• **Work instruction**
The entries below contain a line with "Toradh íomhá ar Good Design with Curve Text" and a line with "Goyard Bohème Hobo Bag Black & Tan". Quote exactly those two lines and all lines between them.

• **Data supplied**
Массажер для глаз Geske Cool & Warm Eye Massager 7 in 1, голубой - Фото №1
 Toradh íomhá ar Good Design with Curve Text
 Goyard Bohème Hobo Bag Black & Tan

---

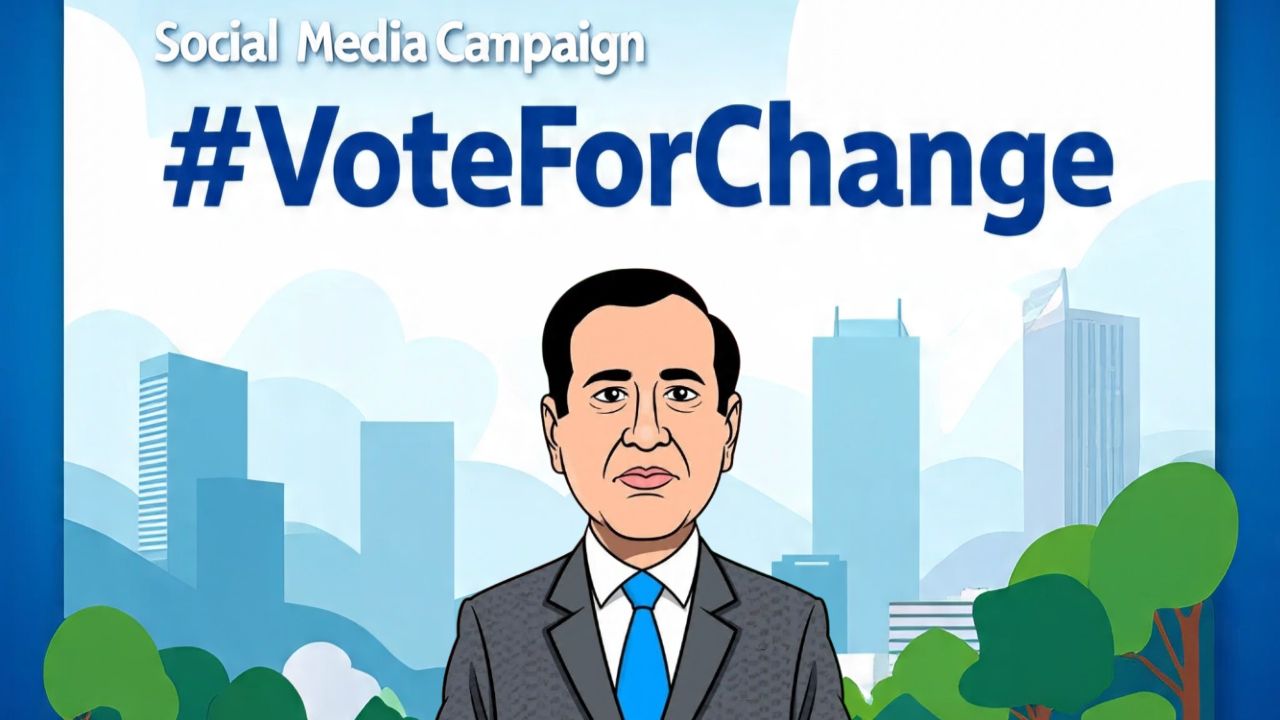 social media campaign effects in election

• **Finished exercise**
 Toradh íomhá ar Good Design with Curve Text
 Goyard Bohème Hobo Bag Black & Tan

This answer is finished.